When trying to remove the transpose_(a|b)
from matmul
and batch_matmul
, I have hit a snag on the indexing. I really don’t want to create a whole new DSL just for this case, I think we can still get it there and remove those ops (by replacing them with identical representations from their parent ops) before we do that.
Problem description
So, here’s the rub: TensorDef
creates dims as named params, and IndexAttrDef
creates indexes as named params, but they do not represent the actual value even when constant (kinda like SSA), because what that DSL function is doing is building the function, so it needs to be described as a computation.
This is an example of what I’m trying.
def matmul(...
map_a=IndexAttrDef(S.A0, S.A1, default=[0, 1]),
...):
...
# tuple indices must be integers or slices, not SymbolDef
dims_a = (D.m, D.k)
l_a = (dims_a[S.A0], dims_a[S.A1])
...
I can’t use something like int(S.A0)
because that’s just the name of the dimension (ie. literal "Symbol(A0)"

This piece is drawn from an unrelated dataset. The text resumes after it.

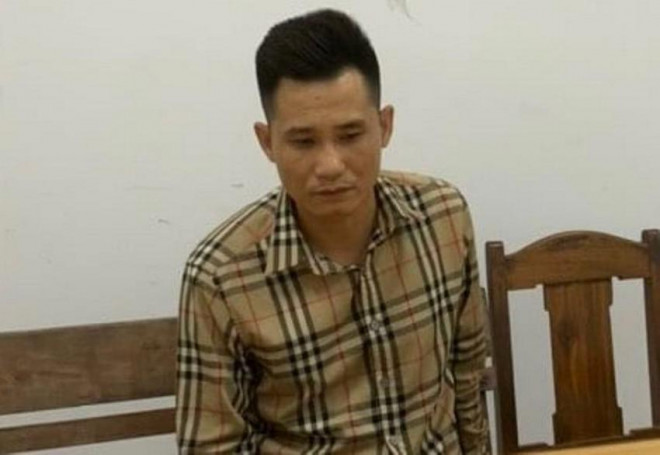 Nghi phạm Phạm Văn Tiến bị bắt khẩn cấp. Ảnh: H.H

), I need to create an expression that extracts a tuple index from a symbol definition.
Solution idea: Constant list attribute
I’m not well versed in OpDSL (or Python much), but the actual code isn’t that extensive. This should be something like ScalarDef
but as a list, and the generator should be able to interpret them as (generate code for) picking a different SymbolDef
out of the tuple and update the equation accordingly.
I’m trying to avoid having to change the code that transforms symbol naming into affine maps, so get into symbols (in whatever order), which would be identical to the current implementation of the transposed versions today.
Alternative 1: Permute function type
I tried implementing a TransformFn.permute
that can be used as:
C[D.m, D.n] += cast(U, permute(A[D.m, D.k], perm_a) * cast(U, permute(B[D.k, D.m], perm_b))
But that leads to having to implement the function itself, which I don’t know how. Perhaps this would be simpler, but I’m a bit out of my depth here.
Alternative 2: More named ops
We already have matmul_transpose_(a|b)
and batch_matmul_transpose_(a|b)
, I can add more variations for batch_reduce_matmul_transpose_(a|b)
, but there are more than 2 here, I don’t want to do this.
Any better ideas?